** Available data follows **

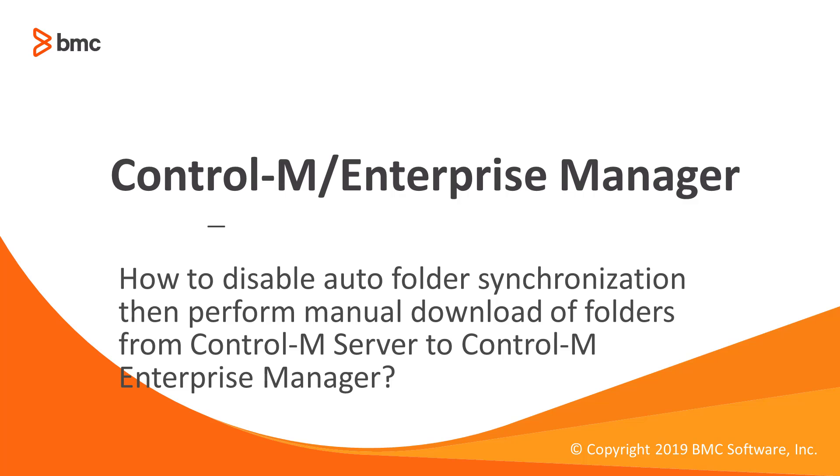Welcome to the support videos for Workload Automation video series. This video will demonstrate how to disable auto-folder synchronization, then perform a manual download of folders from Control-M Server to Control-M Enterprise Manager.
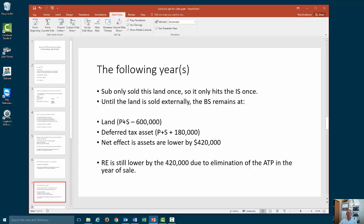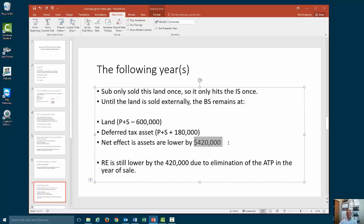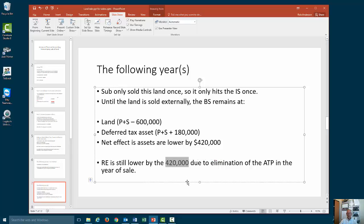In following years, those two balance sheet changes are still sitting in the asset side. The net effect is that assets are lower by $420,000. Every single year we still have a deferred tax asset of $180,000. Every single year land is overstated so we drop it $600,000. And every single year we have lowered our retained earnings to account for the elimination of the $420,000 after-tax profit.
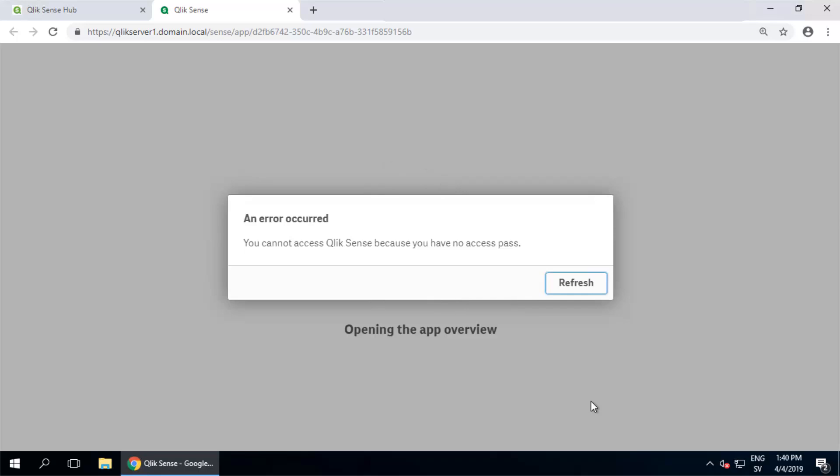This can happen if you access the hub without a license and subsequently are assigned a token or professional analyzer access. At this point the license check has already occurred, so we get a no access pass error.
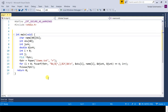Binary search cuts the data in half each pass — half, half, half — until it pinpoints the value or confirms it's absent. The amount of searching is much less. But for binary search to work, you need sorted data. That brings us to sorting. How does sorting work? There are many sorting algorithms; one of the most popular taught everywhere is bubble sort.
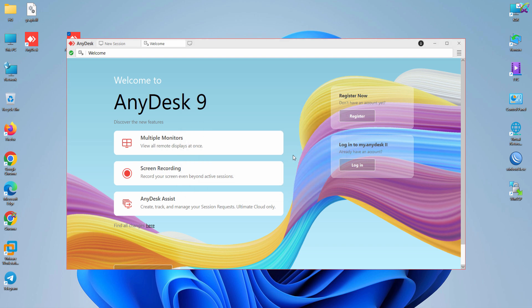Once the installation is complete, you'll see the AnyDesk icon appear on your desktop. And just like that, we've successfully installed AnyDesk on your computer.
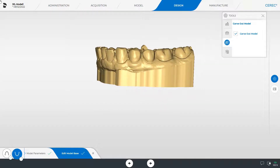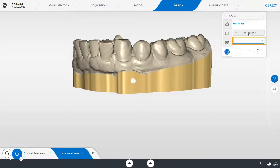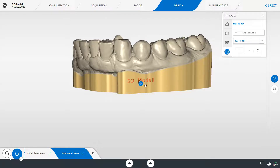Now we come to the last tool: text label. This assists with the correct allocation of model and patient. By tapping add text label, a drop-down menu opens. Here, two CEREC software text suggestions are displayed based on the information entered when the case was set up. We select a proposal and place it on the base of the model.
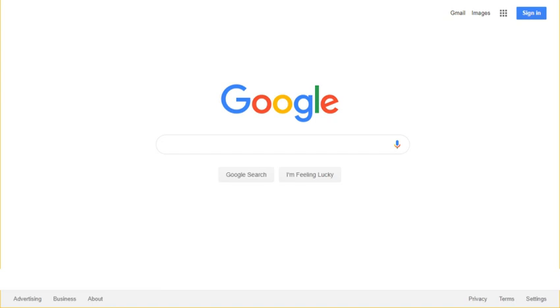In July 2011 real-time search became inaccessible, with the real-time link in the Google sidebar disappearing and a custom 404-error page generated by Google returned at its former URL. Google originally suggested that the interruption was temporary and related to the launch of Google+, they subsequently announced that it was due to the expiry of a commercial arrangement with Twitter to provide access to tweets.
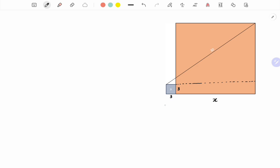It means the line segment from here to here is x plus three, and this segment, since this complete segment is x and this is three units, is x minus three units.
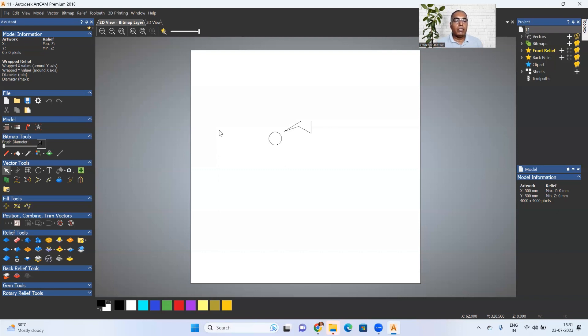Thank you very much. In the next class, we will use vector tools to create different drawings. We will first learn from the next class, using the standard instructions.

** End of Available data **

Task to carry out: Only the pictures are to be left out, and all of the data must otherwise be transcribed exactly.

Written solution:
Welcome to the support videos for Workload Automation video series. This video will demonstrate how to disable auto-folder synchronization, then perform a manual download of folders from Control-M Server to Control-M Enterprise Manager.
In following years, those two balance sheet changes are still sitting in the asset side. The net effect is that assets are lower by $420,000. Every single year we still have a deferred tax asset of $180,000. Every single year land is overstated so we drop it $600,000. And every single year we have lowered our retained earnings to account for the elimination of the $420,000 after-tax profit.
This can happen if you access the hub without a license and subsequently are assigned a token or professional analyzer access. At this point the license check has already occurred, so we get a no access pass error.
Binary search cuts the data in half each pass — half, half, half — until it pinpoints the value or confirms it's absent. The amount of searching is much less. But for binary search to work, you need sorted data. That brings us to sorting. How does sorting work? There are many sorting algorithms; one of the most popular taught everywhere is bubble sort.
Once the installation is complete, you'll see the AnyDesk icon appear on your desktop. And just like that, we've successfully installed AnyDesk on your computer.
Now we come to the last tool: text label. This assists with the correct allocation of model and patient. By tapping add text label, a drop-down menu opens. Here, two CEREC software text suggestions are displayed based on the information entered when the case was set up. We select a proposal and place it on the base of the model.
In July 2011 real-time search became inaccessible, with the real-time link in the Google sidebar disappearing and a custom 404-error page generated by Google returned at its former URL. Google originally suggested that the interruption was temporary and related to the launch of Google+, they subsequently announced that it was due to the expiry of a commercial arrangement with Twitter to provide access to tweets.
It means the line segment from here to here is x plus three, and this segment, since this complete segment is x and this is three units, is x minus three units.
Thank you very much. In the next class, we will use vector tools to create different drawings. We will first learn from the next class, using the standard instructions.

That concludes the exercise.